• What the task requires: Could you restate the data word for word and drop the pictures?

• Supplied information:
►
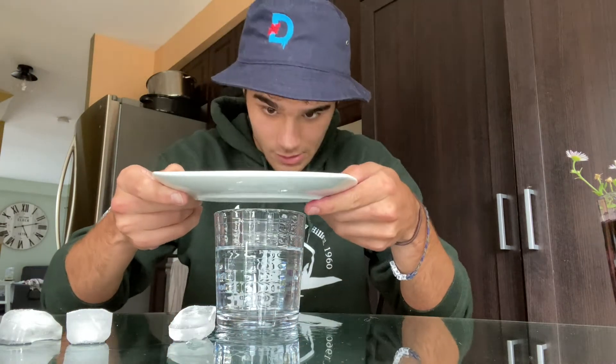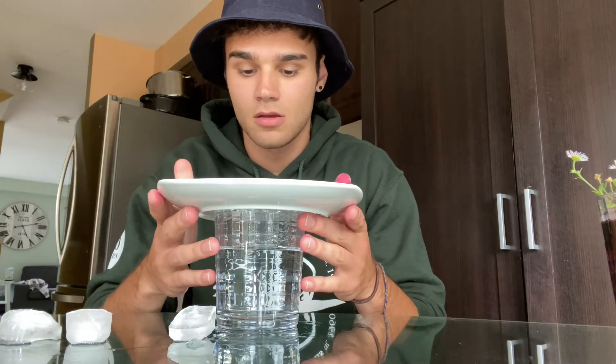Now that I have my three ice cubes aside here on the table, I have my glass of hot water and a ceramic plate. All we need to do to create our rain in the glass is put our ceramic plate over top of our hot glass of water and stick a couple of ice cubes on.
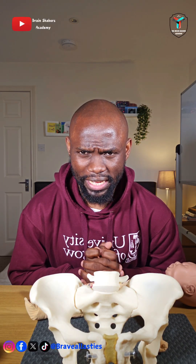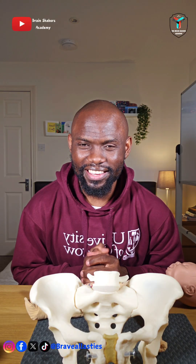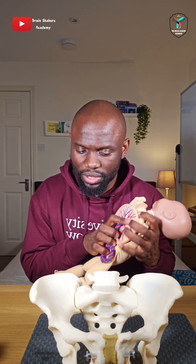Hello Brain Shakers, welcome to today's episode where we continue looking at a breech presentation. In this episode we're going to be looking at what to do when you have extended legs, extended arms, and an extended head - meaning we'll be looking at the maneuvers that you can put in place to help that breech to successively deliver and culminate into a normal assisted breech delivery.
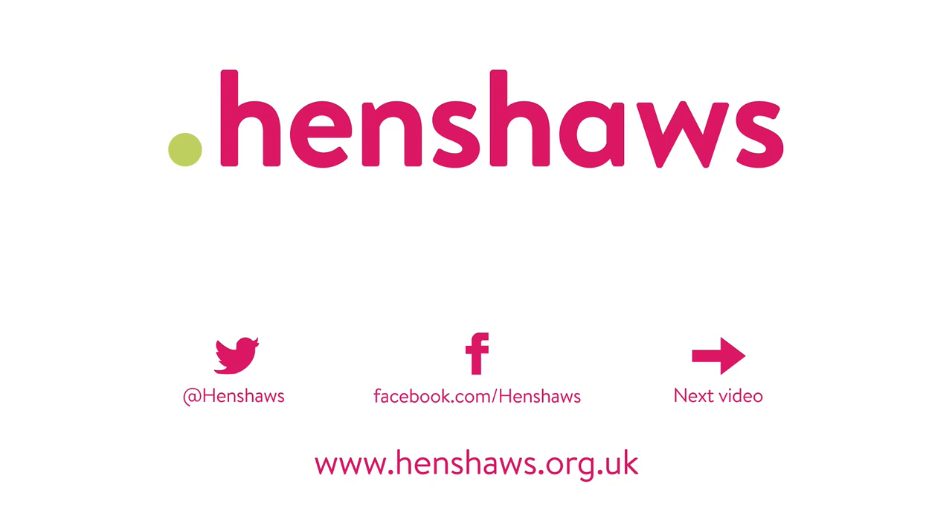Our videos are helping people across the world. If you found them useful, please donate on our website so we can keep making more videos like this in the future.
◄
• Exercise response:
Now that I have my three ice cubes aside here on the table, I have my glass of hot water and a ceramic plate. All we need to do to create our rain in the glass is put our ceramic plate over top of our hot glass of water and stick a couple of ice cubes on.
Hello Brain Shakers, welcome to today's episode where we continue looking at a breech presentation. In this episode we're going to be looking at what to do when you have extended legs, extended arms, and an extended head - meaning we'll be looking at the maneuvers that you can put in place to help that breech to successively deliver and culminate into a normal assisted breech delivery.
Our videos are helping people across the world. If you found them useful, please donate on our website so we can keep making more videos like this in the future.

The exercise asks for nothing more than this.